Under the guiding hand of its director Jonathan Mills, the Edinburgh International Festival has earned a reputation for bringing to the capital a rarefied programe of music (in particular), dance, and a handful of theatre productions.
Among the 150 plus performances around this year's "New World" theme are theatre productions that look at Scotland's disastrous colonial experiment, the Darien scheme of 1698, new adaptations of classic American authors Ernest Hemingway and Tennesse Williams, two productions from Chilean ensemble Teatro Cinema, and a futuristic black comedy from Chile.
As the theatre company's name suggests, Teatro Cinema blur the boundaries of theatre and film with stylised performances that seamlessly merge live action with projected footage. Sin Sangre (Without Blood) is a pacey film noir, adapted from a novella by Italian writer Alessandro Baricco, while The Man Who Fed Butterflies is a more poetic story that plays on ideas about mind and myth.
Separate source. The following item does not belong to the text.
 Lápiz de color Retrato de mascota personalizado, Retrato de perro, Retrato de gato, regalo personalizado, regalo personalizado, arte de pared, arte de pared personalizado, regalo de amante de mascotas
In a separate event, film director Dauno Tótoro and director Juan Carlos Zagal of Teatro Cinema are in conversation about fusing the two art forms.
Teatro Cinema are not the only company at this year's festival making forays into the new media world. Beyond the realm of theatre, choreographers José Montalvo and Dominique Hervieu, who put on the memorable On Danse at the festival in 2007, are back in Edinburgh with The Gershwins' Porgy and Bess, made with Opera de Lyon this year.
Ernest Hemingway's The Sun Also Rises, his first major novel, is re-interpreted for the stage by Elevator Repair Service. Having covered other classic American novels, this world premiere should provide the company with fodder for energetic, physical theatre, including staging scenes from Pamplona bullfighting with a trestle table and a pair of horns (see photo).
Invention and experimentation are a hallmark of Edinburgh Festival regulars The Wooster Group, from New York, who bring to Edinburgh the work of another US literary giant, Tennesse Williams's Vieux Carré. In its treatment, the New Orleans-set story also borrows from cinema, although the more improvisational and experimental end of film.
Chile's Teatro en el Blanco does some time travelling with its black comedy Diciembre. Set on Christmas Eve 2014, during a time when Chile, Peru and Bolivia are at war, two sisters play a tug-of-war over their soldier brother, who is on temporary leave, over the rights and wrongs of fighting in the war.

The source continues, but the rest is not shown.